Advanced: I am confident and am reaching for the next level.

Proficient: I am confident with the material we’ve learned and can comfortably work with some new information.

Developing: I am comfortable with familiar and basic tasks and information, but struggle working with new or unfamiliar information and tasks.

Emerging: I am uncomfortable completing the task without help. If someone is there to talk me through it, I can be successful.

Beginning: I need help to understand how to accomplish the task.

My students have agreed that they much prefer the terminology to the letter grade, especially when they receive a “Beginning” (formally known as “F” for “Fail”). It communicates to them that the process has not ended with them as failures, but rather is just beginning and is hopeful.

19 replies on “How we talk about grades

  1. This is incredibly helpful for teachers moving towards a more proficiency/standards-based grading approach. You’re an excellent educator — it’s hard to say just how many of your ideas I’m stealing this year! 🙂

      1. Thank you so much! After 20 years of teaching, I have new fire with this TPRS approach! I find your site informative and motivating! That you so much for all your great ideas and links. I am in the processing of transforming my classroom to reflect my new TPRS approach, and that includes many of your fabulous posters! Smiles!

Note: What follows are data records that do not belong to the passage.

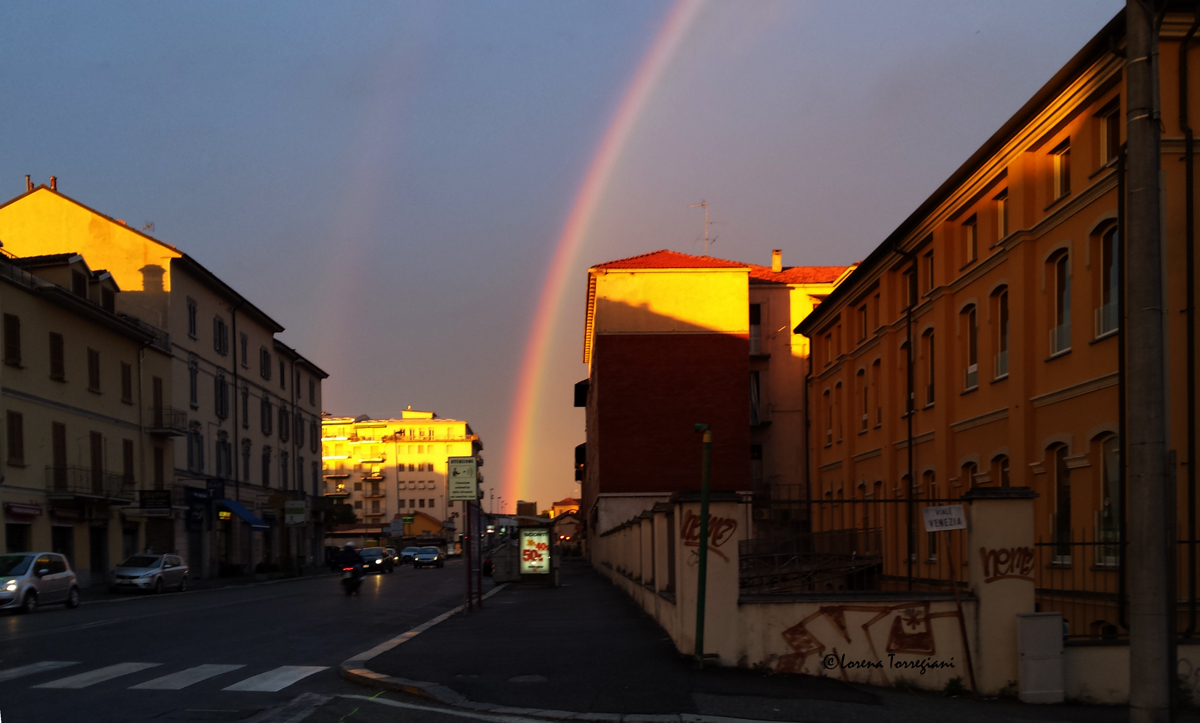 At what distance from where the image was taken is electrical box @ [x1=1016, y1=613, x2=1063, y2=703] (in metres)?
11.2

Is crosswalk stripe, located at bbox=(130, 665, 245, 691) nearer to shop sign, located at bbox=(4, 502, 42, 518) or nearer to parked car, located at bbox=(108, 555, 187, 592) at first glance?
shop sign, located at bbox=(4, 502, 42, 518)

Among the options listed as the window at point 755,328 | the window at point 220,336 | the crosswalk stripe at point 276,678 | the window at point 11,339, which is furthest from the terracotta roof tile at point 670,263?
the crosswalk stripe at point 276,678

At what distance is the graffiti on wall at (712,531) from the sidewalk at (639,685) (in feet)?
4.34

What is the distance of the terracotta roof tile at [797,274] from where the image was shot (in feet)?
197

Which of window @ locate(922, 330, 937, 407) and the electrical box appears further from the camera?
window @ locate(922, 330, 937, 407)

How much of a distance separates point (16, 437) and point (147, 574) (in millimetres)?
6222

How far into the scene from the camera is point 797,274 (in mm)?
62219

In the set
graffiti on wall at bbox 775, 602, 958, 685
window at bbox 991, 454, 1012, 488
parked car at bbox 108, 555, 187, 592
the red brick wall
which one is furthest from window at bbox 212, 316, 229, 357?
graffiti on wall at bbox 775, 602, 958, 685

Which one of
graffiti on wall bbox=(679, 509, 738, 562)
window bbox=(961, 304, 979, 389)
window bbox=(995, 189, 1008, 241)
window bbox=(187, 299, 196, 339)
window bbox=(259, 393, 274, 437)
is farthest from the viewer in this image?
window bbox=(259, 393, 274, 437)

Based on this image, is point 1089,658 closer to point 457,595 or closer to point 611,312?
point 457,595

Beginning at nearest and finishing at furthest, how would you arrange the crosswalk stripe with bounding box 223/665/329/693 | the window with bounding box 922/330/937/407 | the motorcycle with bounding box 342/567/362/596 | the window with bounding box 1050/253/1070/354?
1. the crosswalk stripe with bounding box 223/665/329/693
2. the window with bounding box 1050/253/1070/354
3. the window with bounding box 922/330/937/407
4. the motorcycle with bounding box 342/567/362/596

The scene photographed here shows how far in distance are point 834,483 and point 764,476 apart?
1688 cm

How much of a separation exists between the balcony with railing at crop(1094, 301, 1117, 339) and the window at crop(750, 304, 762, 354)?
39502 millimetres

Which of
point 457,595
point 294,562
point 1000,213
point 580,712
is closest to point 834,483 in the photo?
point 457,595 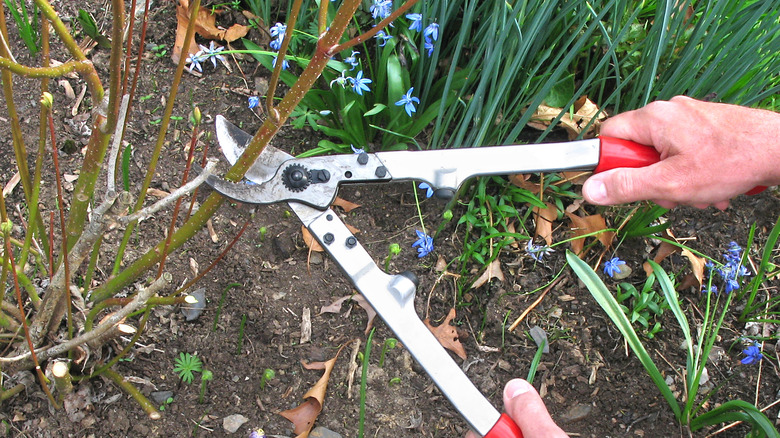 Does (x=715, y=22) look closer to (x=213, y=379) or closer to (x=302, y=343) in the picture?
(x=302, y=343)

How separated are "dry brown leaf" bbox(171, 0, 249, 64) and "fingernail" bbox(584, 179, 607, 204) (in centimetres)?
156

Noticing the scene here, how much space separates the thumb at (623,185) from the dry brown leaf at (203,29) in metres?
1.58

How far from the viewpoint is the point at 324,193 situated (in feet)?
5.34

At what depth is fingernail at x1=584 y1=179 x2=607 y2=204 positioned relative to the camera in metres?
1.74

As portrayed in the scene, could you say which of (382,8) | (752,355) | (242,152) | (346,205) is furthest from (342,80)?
(752,355)

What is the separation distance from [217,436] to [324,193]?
0.82m

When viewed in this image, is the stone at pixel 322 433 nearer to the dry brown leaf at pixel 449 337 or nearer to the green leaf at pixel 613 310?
the dry brown leaf at pixel 449 337

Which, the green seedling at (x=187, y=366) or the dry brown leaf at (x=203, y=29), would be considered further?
the dry brown leaf at (x=203, y=29)

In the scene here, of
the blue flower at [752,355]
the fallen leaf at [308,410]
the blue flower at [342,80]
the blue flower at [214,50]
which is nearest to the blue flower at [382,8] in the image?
the blue flower at [342,80]

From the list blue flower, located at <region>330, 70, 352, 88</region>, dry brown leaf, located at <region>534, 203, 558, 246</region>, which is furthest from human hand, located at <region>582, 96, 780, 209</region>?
blue flower, located at <region>330, 70, 352, 88</region>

      2. Did you ever get a chance to add the subject pronoun posters? I know this is an old reply but thought I’d ask! 🙂

      3. Hola Martina,

        Yes, I have a new classroom and would still LOVE to have your wonderful subject pronoun posters!
        Let me know if this might be possible! Gracias!

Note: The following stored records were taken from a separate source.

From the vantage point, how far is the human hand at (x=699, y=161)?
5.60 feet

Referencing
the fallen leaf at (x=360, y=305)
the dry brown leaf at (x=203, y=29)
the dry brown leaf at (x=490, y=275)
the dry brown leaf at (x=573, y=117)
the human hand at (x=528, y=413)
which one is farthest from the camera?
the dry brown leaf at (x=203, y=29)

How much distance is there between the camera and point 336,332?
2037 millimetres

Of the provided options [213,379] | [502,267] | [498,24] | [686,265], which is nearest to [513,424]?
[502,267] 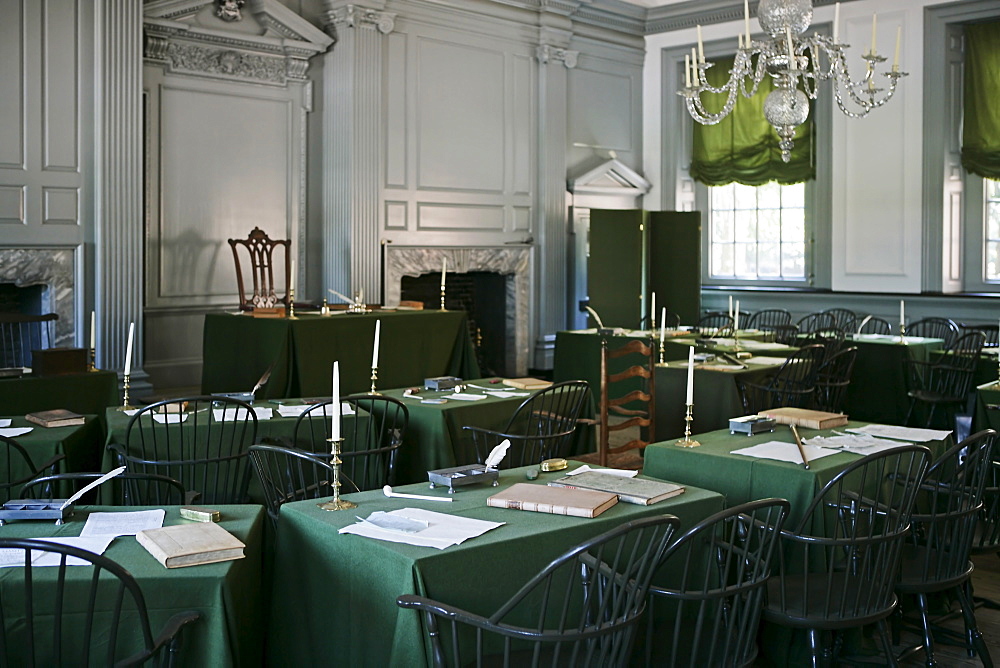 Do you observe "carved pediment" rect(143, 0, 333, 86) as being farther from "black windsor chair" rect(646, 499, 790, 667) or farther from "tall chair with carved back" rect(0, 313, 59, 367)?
"black windsor chair" rect(646, 499, 790, 667)

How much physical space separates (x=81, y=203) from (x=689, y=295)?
6325 mm

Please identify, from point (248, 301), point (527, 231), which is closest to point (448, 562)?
point (248, 301)

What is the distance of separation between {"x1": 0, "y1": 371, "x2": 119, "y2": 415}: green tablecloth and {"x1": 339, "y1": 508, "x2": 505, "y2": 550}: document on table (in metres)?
3.52

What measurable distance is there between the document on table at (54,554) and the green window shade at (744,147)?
1010cm

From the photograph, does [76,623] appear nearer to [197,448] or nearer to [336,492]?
[336,492]

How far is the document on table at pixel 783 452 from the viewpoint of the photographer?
148 inches

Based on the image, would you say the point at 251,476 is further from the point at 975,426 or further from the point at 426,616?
the point at 975,426

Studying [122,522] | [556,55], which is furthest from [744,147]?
[122,522]

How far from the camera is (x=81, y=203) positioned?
806cm

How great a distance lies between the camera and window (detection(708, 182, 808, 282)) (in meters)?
11.8

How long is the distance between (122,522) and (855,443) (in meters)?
2.72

  2. Just a quick question about grading… when you give a reading assessment, for example, how do you translate their performance to specific proficiency level. If it’s a 5 question assessment and they miss 2 are they automatically at the “Developing” level? Or does it depend on the question and their responses? That’s the part that seem a bit unclear as the language in the proficiency targets seems to lend itself more to speaking, writing and listening than reading. Thanks!

    1. Great question. It depends on the questions and their responses. I try to include a ‘challenge question’ on each assessment that requires students to apply knowledge that they should have acquired to a new context. If they can get that question right and all the other ones, then they get an Advanced. If they miss that question but answer correctly everything that they should definitely know, then Proficient. Developing if they seem to get all the main stuff but make a mistake or two that show that they have missed something that is somewhat important. It all comes down to strategic question writing! Learning about QAR and being mindful of it when writing questions has helped me a lot in that area.

  3. Hi Martina! Thanks for your suggestions here. At the end of a course how do you determine what letter grade to give to students based off of your information in your grade book? In an ideal world this proficiency based grading would rock but for high school transcript I need a grade for colleges. Thoughts? Thanks for all of your wisdom!